The Shedeur Sanders era has officially begun in Cleveland, the Browns naming him the starting quarterback for their next game. Presumably, he will remain in the starting lineup as long as his play justifies it. Of course, in Cleveland, all he has to do is be better than other bad quarterbacks, so the bar is low.
It’s important to note that Browns HC Kevin Stefanski didn’t just announce that Shedeur Sanders would start the next game. He also made very clear that Dillon Gabriel, their previous starter, is out of the concussion protocol. That means, despite the opportunity for a full week of preparation, Gabriel won’t get the nod.
Sanders, in other words, is the starter, after making Browns expansion-era history. And again, this is the Browns, so the bar is incredibly low. By winning his first start, he became the first Browns quarterback to achieve that feat since 1995. The Steelers have had three in that span, for comparison, most recently Duck Hodges in 1999. And they’ve only had seven players who qualify, as opposed to dozens for the Browns.
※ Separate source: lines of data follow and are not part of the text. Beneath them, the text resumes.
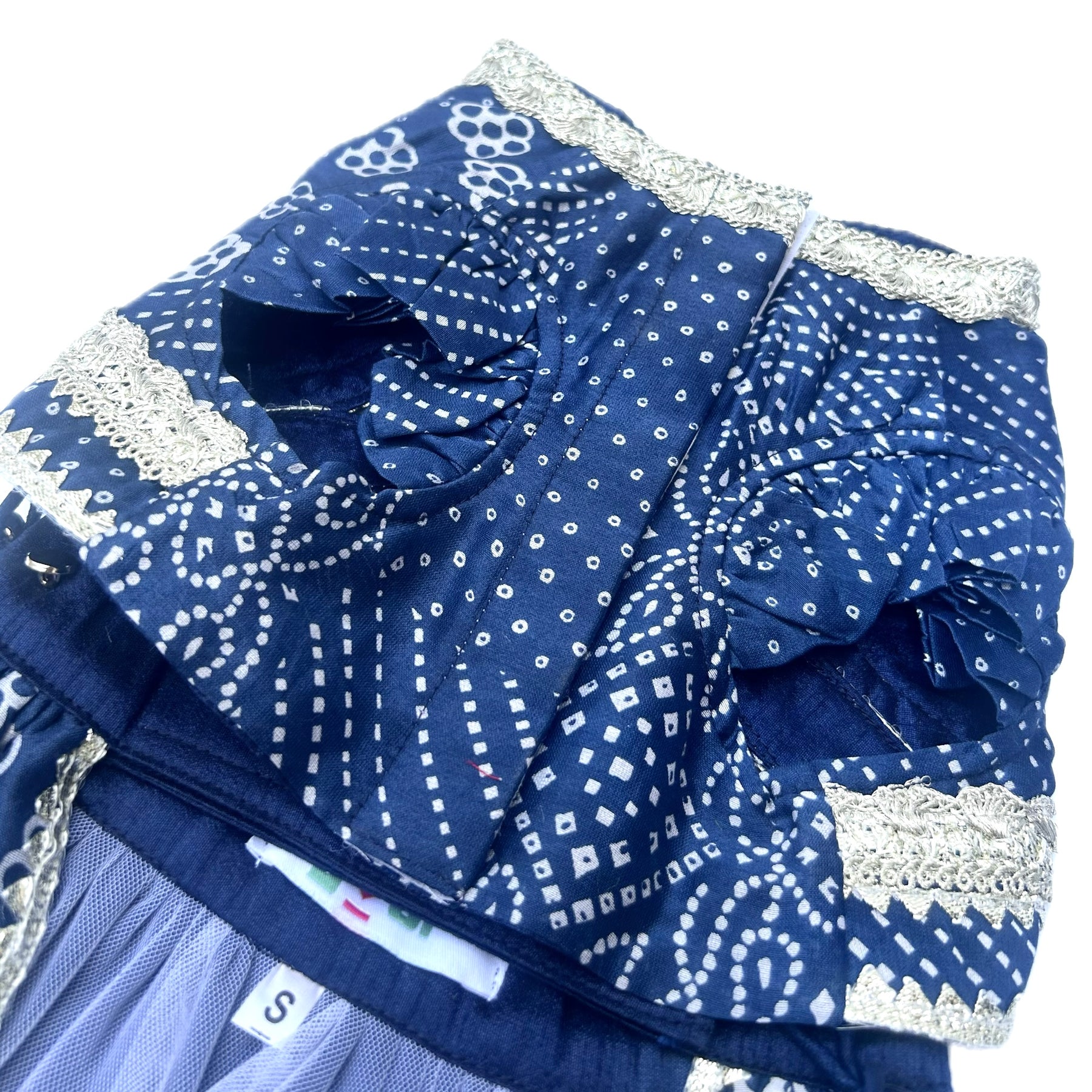 BLUE BANDHANI GOTA DOG LEHENGA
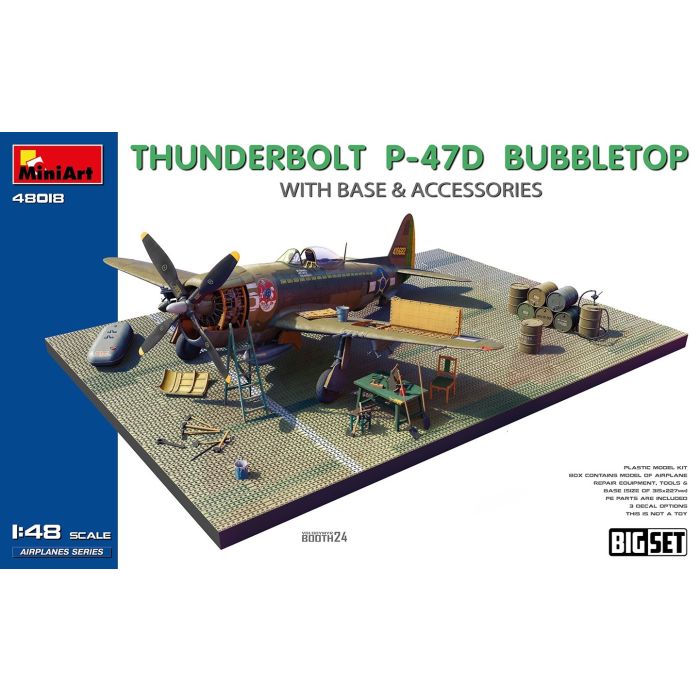 1/48 P-47D THUNDERBOLT BUBBLETOP W/BASE en ACCESS 48018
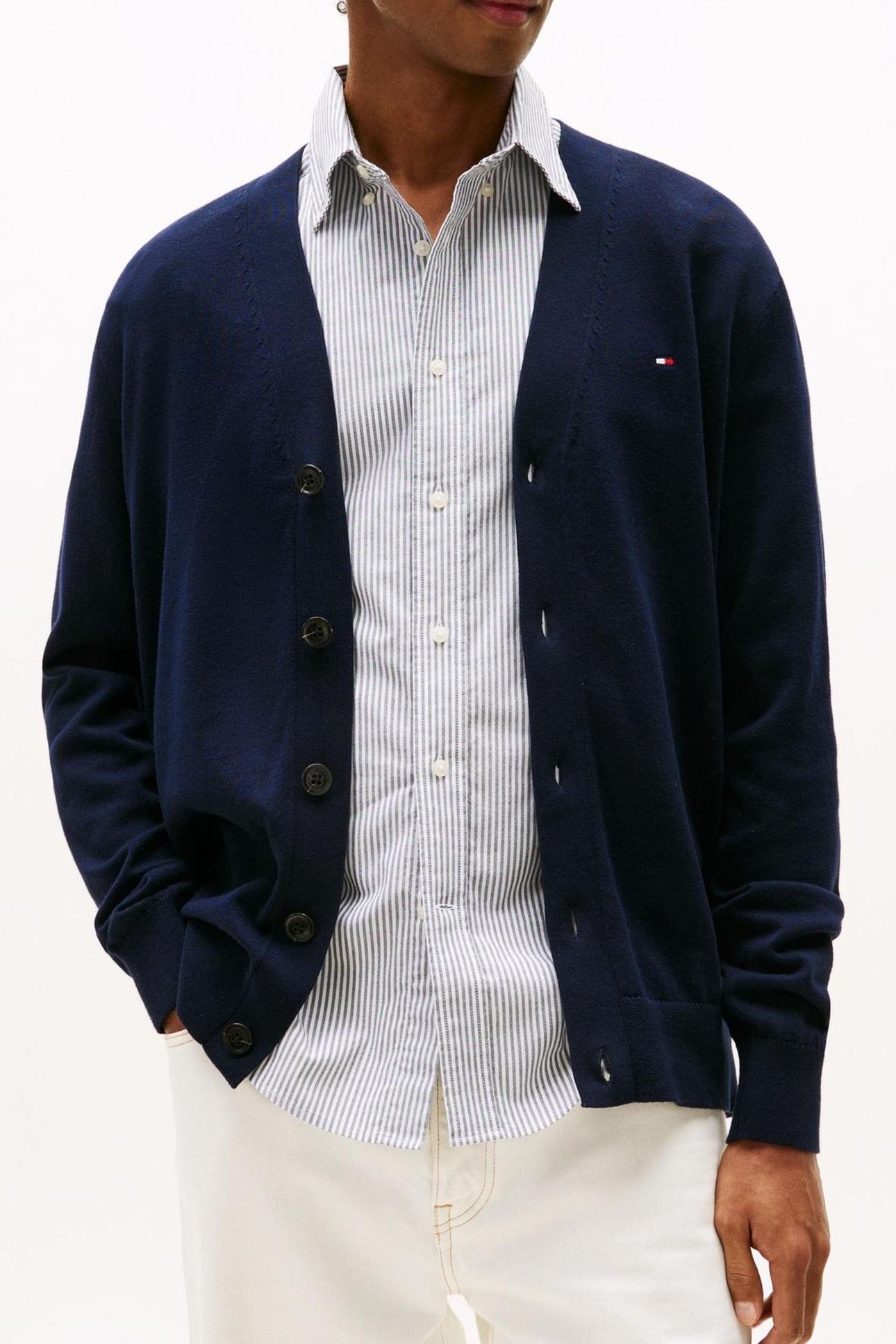 ESSENTIAL COTTON CARDIGAN NAVY BLUE 1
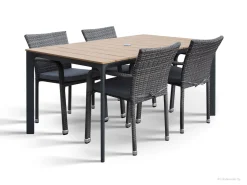 West terassipöytä + 4 Apollo tuolia, eri värejä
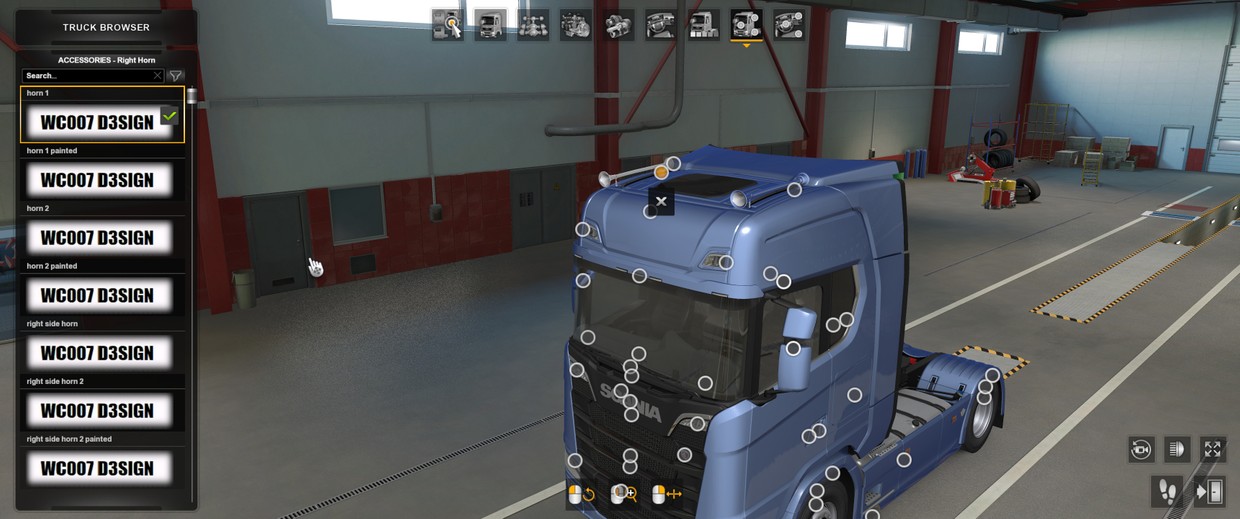 [Tuning pack] Scania Nextgen horns (from 1.38 and newe Euro truck simulaor 2 digital products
But anyway.
In his first career start, Shedeur Sanders went 11-for-20 for 209 yards with 1 touchdown and 1 interception. His touchdown was a 66-yard catch-and-run with a depth of target behind the line of scrimmage. While he had a couple of nice throws throughout the game, very few were of any notable degree of difficulty.
“There’s things that we can clean up, and that goes on all of us as coaches, that’s the players, quarterback where we can clean up some of our operation”, Stefanski said of Sanders. “But I thought communication was really good throughout the day with him”.
The Browns asked very little of Sanders, and he didn’t deliver much more than that. If they can repeat that formula, they can win games with him. It also helps to play awful teams that are so awful that they fire coaches after losing to you. Which is what they did in Sanders’ first career start against the hapless Raiders.
That doesn’t mean Sanders isn’t or can’t be a good player, just that there isn’t much to sink your teeth into right now. Anybody—particularly Josina Anderson—salivating over his actual NFL game tape is, of course, delusional.
But this is, for the third time, the Browns, and that means if they’re not starting Shedeur Sanders, they’re starting Dillon Gabriel or Bailey Zappe. Hindsight has clearly proven Mike Tomlin right about the Joe Flacco trade. And if they didn’t trade Kenny Pickett, too, he might have started this past week instead.